EDIT: I am using yaml-rust for this and have a file rules.yml with firstname, lastname and middlename fields included within ./src

Source can be found here: https://github.com/Latrasis/petrovich-rs

like image 710
latrasis Avatar asked Feb 03 '16 06:02

latrasis


1 Answers

You are trying to move out of a borrowed pointer (because rules[str] returns a &Yaml), but that's not legal. We need to use functions that allow us to move a value out of the main Yaml object. This will alter the main Yaml object, but that's OK here, since we will discard it by the end of the function.

First, we need to understand what indexing with a string does. The implementation only returns a significant value if the value is a hash and gets to the underlying value by constructing a Yaml::String value to index the hash.

The Yaml::Hash variant wraps a BTreeMap<Yaml, Yaml>. The library provides the as_hash convenience method to access it, but this only gives an immutable pointer.
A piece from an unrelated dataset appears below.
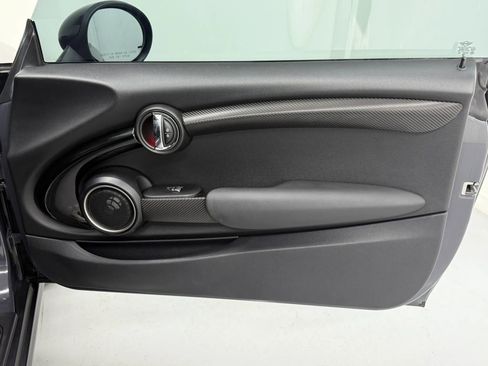 Used 2015 MINI Cooper S image 21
We need to use pattern matching to get a mutable pointer.

Next, we'll use the remove method on the BTreeMap to extract the value associated with the keys that interest us.

Here's the result:

impl Petrovich {
    fn new() -> Petrovich {
        use yaml_rust::yaml::Hash as YamlHash;

        // Open Rules File (Panics on error)
        let mut f = fs::File::open("./src/rules.yml").unwrap();
        // Create String Buffer and Read to it
        let mut buffer = String::new();
        f.read_to_string(&mut buffer).unwrap();
        // Pass Buffer to Yaml and unwrap
        let rules: &mut Yaml = &mut YamlLoader::load_from_str(&buffer).unwrap()[0];
        let rules: &mut YamlHash = match *rules {
            Yaml::Hash(ref mut hash) => hash,
            _ => panic!("not a hash"),
        };

        // Return Petrovich with preloaded rules
        Petrovich {
            middlename: rules.remove(&Yaml::String("middlename".into())).unwrap(),
            firstname: rules.remove(&Yaml::String("firstname".into())).unwrap(),
            lastname: rules.remove(&Yaml::String("lastname".into())).unwrap(),
        }
    }
}

Note that this code will panic in situations in which your original code (if it worked) wouldn't, as you would get BadValues instead. I'll leave it to you to handle errors as you need.